**Dataset content**
________________________________________
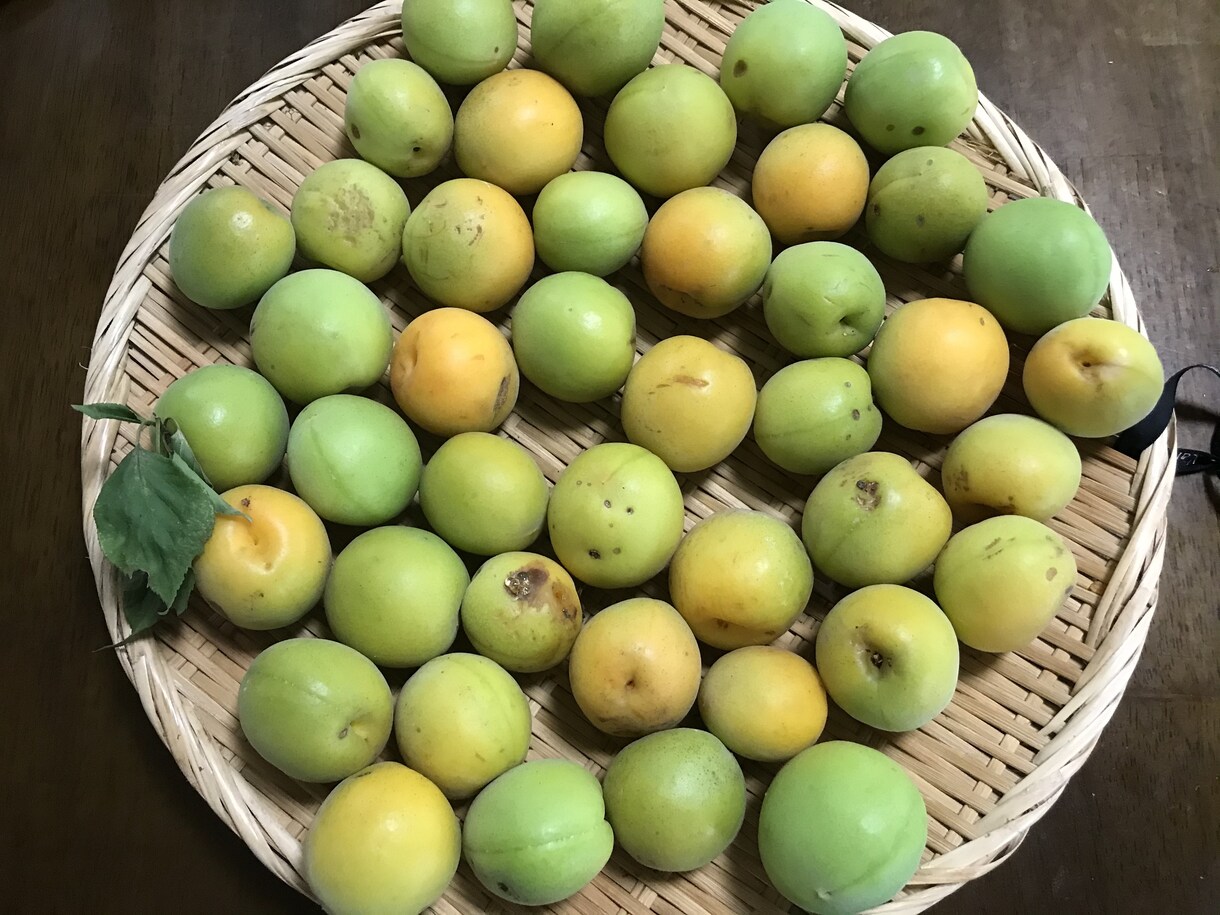 熟れて傷ついた落ち梅を使う美味しい梅甘煮を伝えます ちょっと待って、その処理の仕方❣️ イメージ1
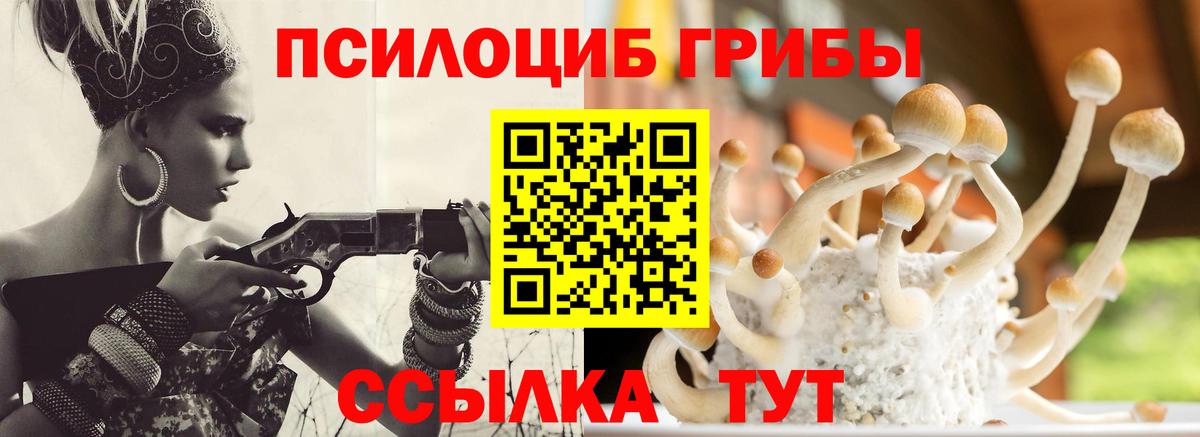 Ханты-Мансийск  Псилоцибиновые грибы прущие грибы  Вход с VPN 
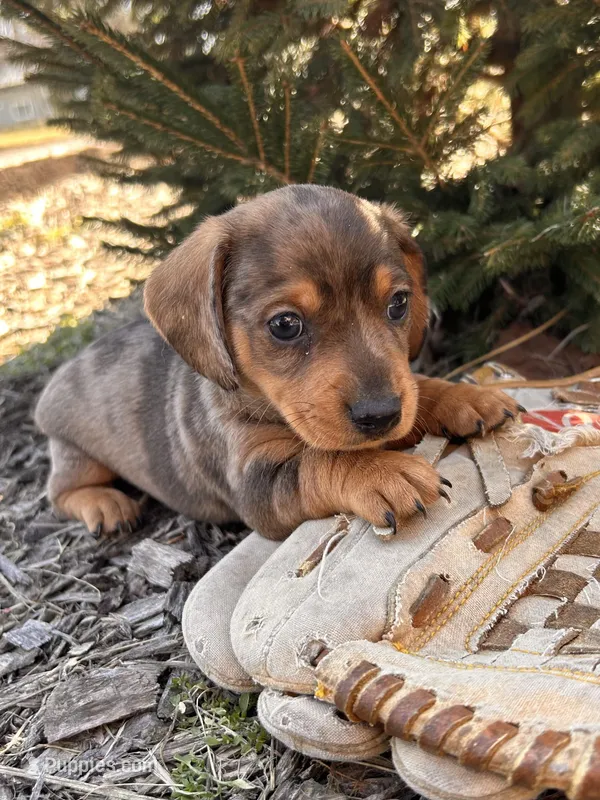 Dakota – Dachshund puppy for sale in Middlebury, IN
________________________________________
**Task to carry out**
Before you finish, make sure every line above has been repeated exactly and no picture remains in the copy.

**Output below**
 熟れて傷ついた落ち梅を使う美味しい梅甘煮を伝えます ちょっと待って、その処理の仕方❣️ イメージ1
 Ханты-Мансийск  Псилоцибиновые грибы прущие грибы  Вход с VPN 
 Dakota – Dachshund puppy for sale in Middlebury, IN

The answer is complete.